Talma's gestures, his pause's, his natural mode of acting gave a great relief to the long declamation with which this tragedy abounds.

When this tragedy was given it was during the time that poor Labedoyere's trial was going on, and the allusions to Augustus' clemency were eagerly seized and applauded. It was hoped that Louis XVIII would imitate Augustus. Vain hope!

I have seen Phedre; the part of Phedre by that admirable actress Mlle Duchesnois, who performs the part so naturally and with so much passion that we entirely forget the extreme plainness of the person. She acts with far more feeling and pathos than Mlle Georges. I shall never be able to forget Mlle Duchesnois in Phedre.

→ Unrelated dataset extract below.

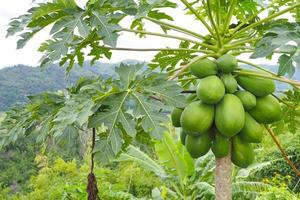 natur färsk grön papaya på träd med frukter i naturlandskap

She gave me a full idea of the impassioned Queen, nor were it possible to depict with greater fidelity the "Venus toute entiere a sa proie attachee," as in that beautiful speech of Phedre to Oenone wherein she reveals her passion for Hippolyte and pourtrays the terrible struggle between duty and female delicacy on the one hand, and on the other a flame that could not be overcome, convinced as it were of the complete inutility of further efforts of resistance and invoking death as her only refuge. I was moved even to tears. I am so great an admirer of the whole of this speech beginning "Mon mal vient de plus lorn" etc., and ending "Un reste de chaleur tout pret a s'exhaler," that I think in it Racine has not only united the excellencies of Euripides, Sappho and Theocritus in describing the passion of love, but has far surpassed them all; that speech is certainly the masterpiece of French versification and scarcely inferior to it is that beautiful and ingenuous confession of love by Hippolyte to Aricie.